1
votes

I have read up on the Kubernetes docs but I'm unable to get a clear answer on my question. I'm using the official cluster-autoscaler.

  1. I have a deployment that specifies one replica should be running. When a pod is terminated (for example, was running on a node that is getting scaled-down) is the new pod scheduled before the termination begins or after the termination is done? The docs say that schedule happens when terminating, but don't mention at which phase.
  2. To achieve seamless node scale-down without disruption to any services, I would expect k8 to scale up pods to N+1 replicas (at this point pods are scheduled only to nodes that are not scaling down) and then drain the node. Based on my testing, it first drains, and then schedules any missing pods based on configurations. Is it possible to configure this behaviour or this is currently not possible to do?

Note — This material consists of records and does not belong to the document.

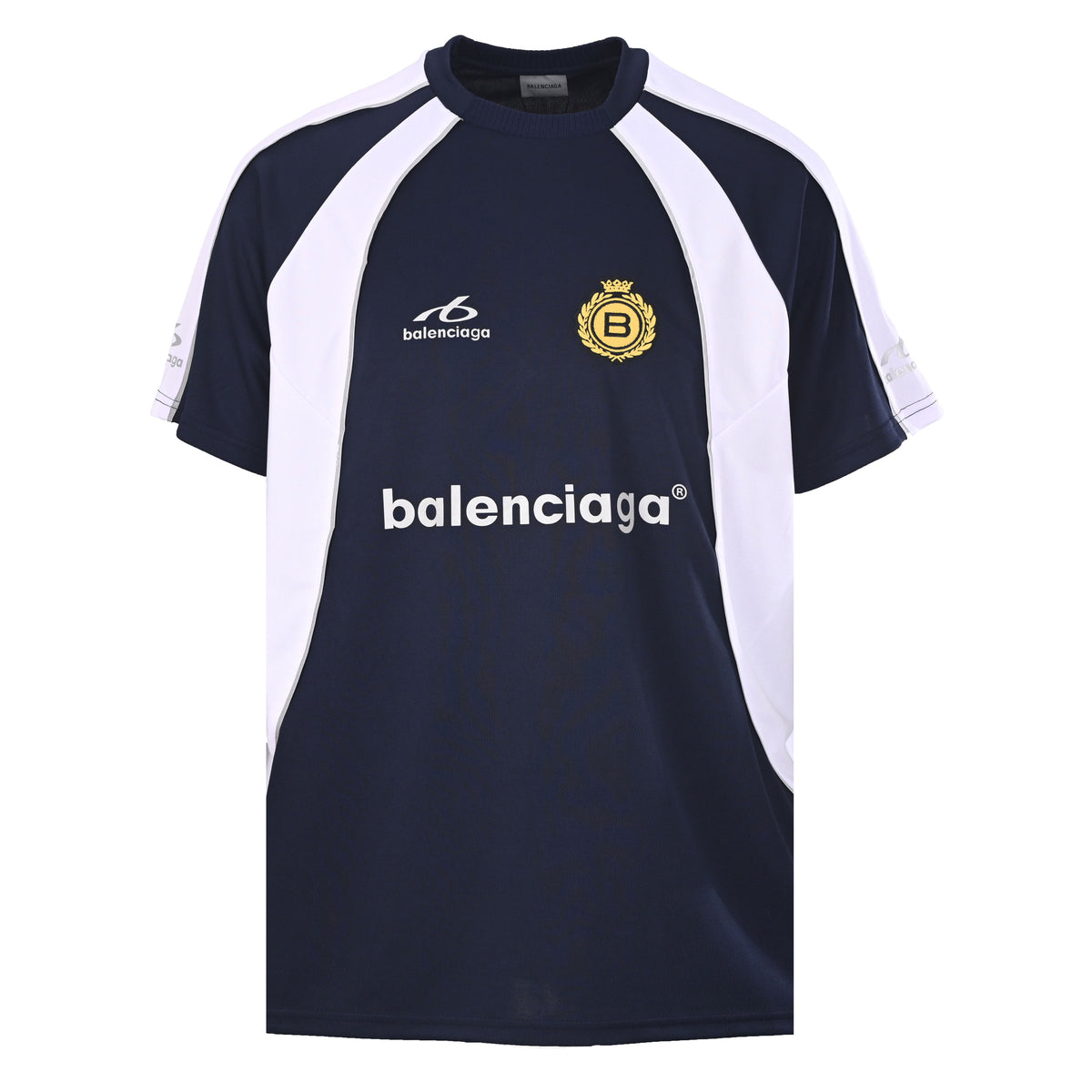 Balenciaga Soccer Jersey Crest T-Shirt in Black & Blue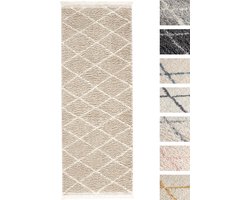 Vloerkleed Shaggy, Tapijt, Beige, Hoogpolig, 80cm x 300cm, Superzacht, Franjes, Berber stijl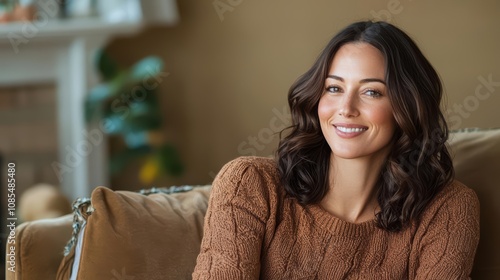 Smiling woman sitting comfortably on a couch in a cozy living room.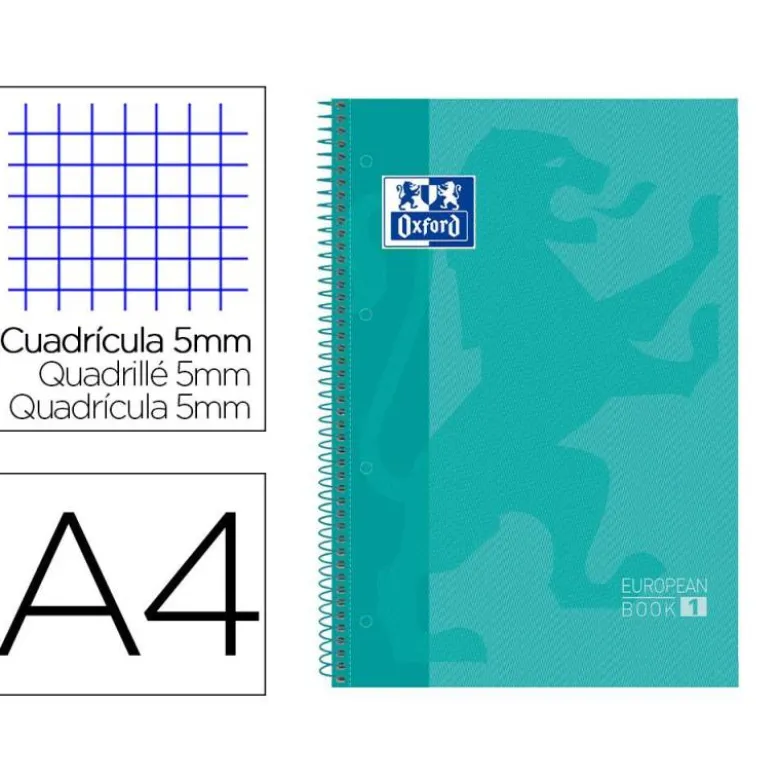 Cuaderno Oxford DIN A4 Menta Hielo Tapa Extradura 80 hojas Cuadrícula 5 mm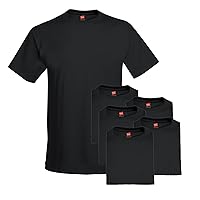 Hanes 5.2 oz. Cotton T-Shirt (5280) Black, 4XL (Pack of 6)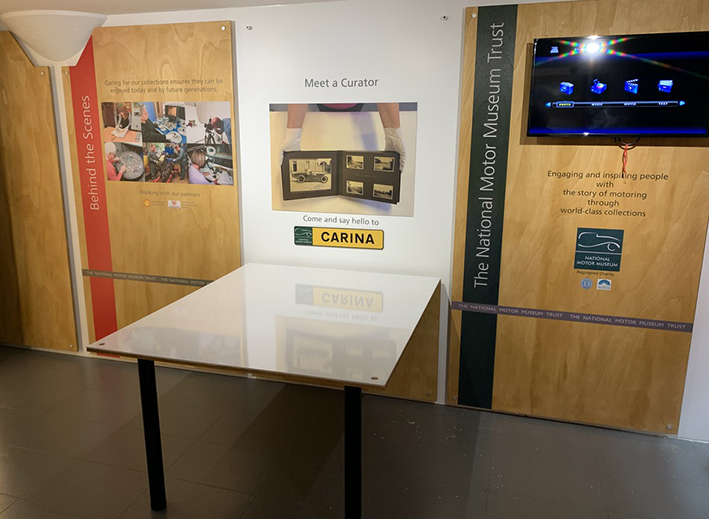 FPDltd's tweet photo. Recently completed project for National Motor Museum, Beaulieu.  Museum Advocacy Booth includes bespoke display cases, drop-down curator table, audio visual elements and all supporting graphic items https://t.co/FamJZmmwY3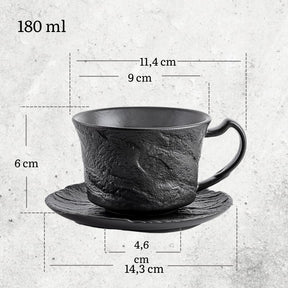 Wilmax Kaffeetassen Set mit Untertassen 180 ml 2er Schwarz WL-661151/AB2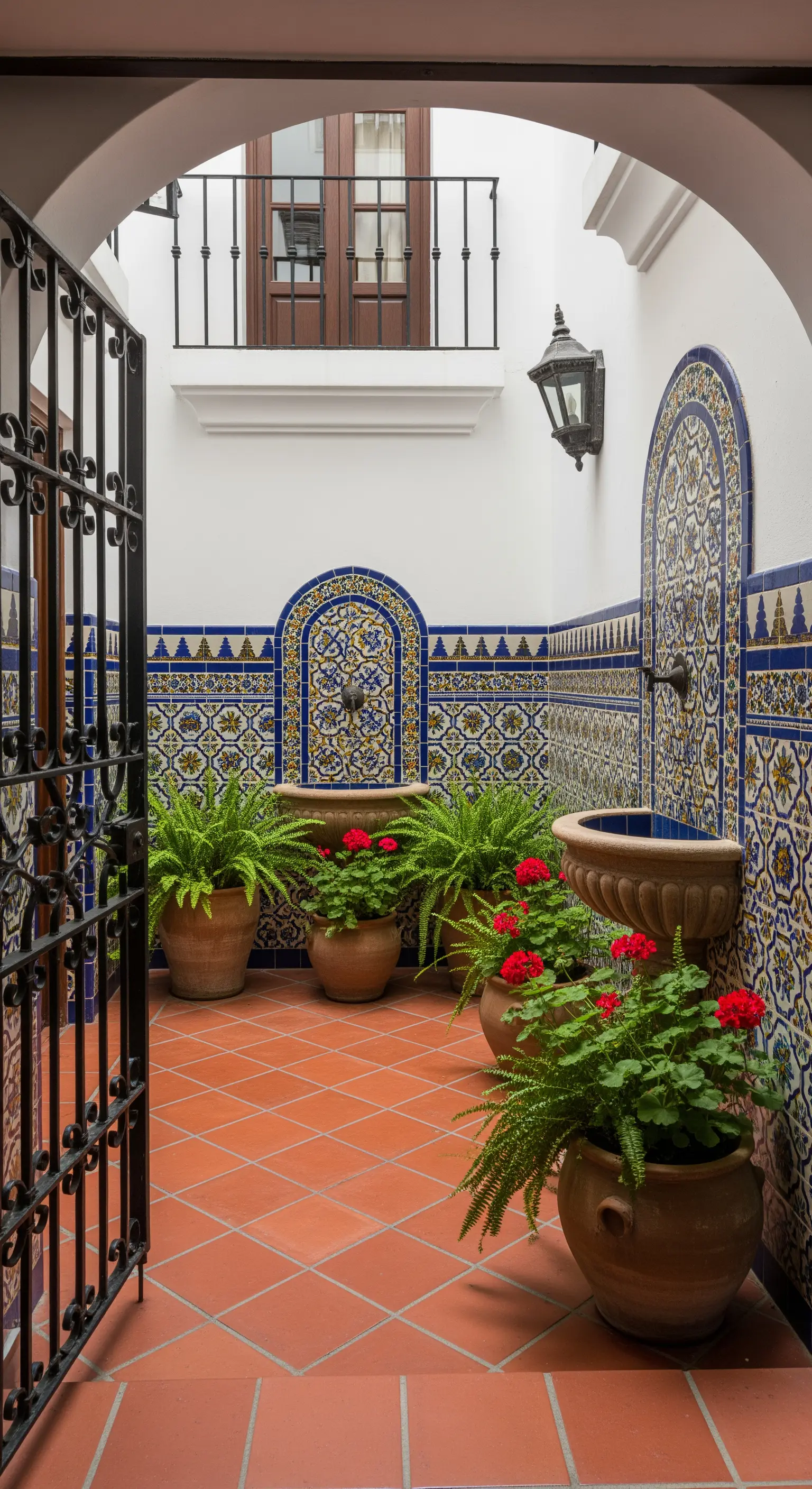 Patio d'ingresso con maioliche andaluse, pavimento in cotto e vasi con gerani.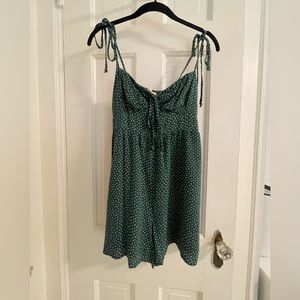 Tie Shoulder Shirred Romper
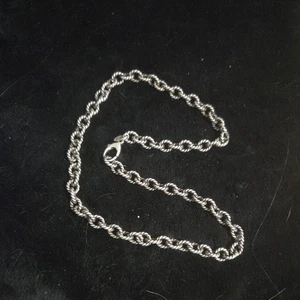 CAROLYN POLLACK Vintage 20" Textured Rolo Link Cable Chain Necklace  45GR - Picture 1 of 3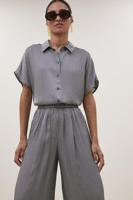 By-Bar Blouse barley silky stripe | jet black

From what I understand, seamless updates are easy with RollingUpdate strategy. I have not find the same "Rolling" strategy to be possible for scale-down.

EDIT

TL;DR I'm looking for HA on a) two+ replica deployment and b) one replica deployment

a) Can be achieved by using PDBs. Checkout Fritz's answer. If you need pods scheduled on different nodes, leverage anti-affinity (Marc's answer)

b) If you're okay with short disruption, PDB is the official way to go. If you need a workaround, my answer can be of inspiration.

3

3 Answers

3
votes

The scale down behavior can be configured with what is called a Disruption Budget

In your Deployment Manifest you can define maxUnavailable and minAvailable number of Pods during voluntary disruptions like draining nodes.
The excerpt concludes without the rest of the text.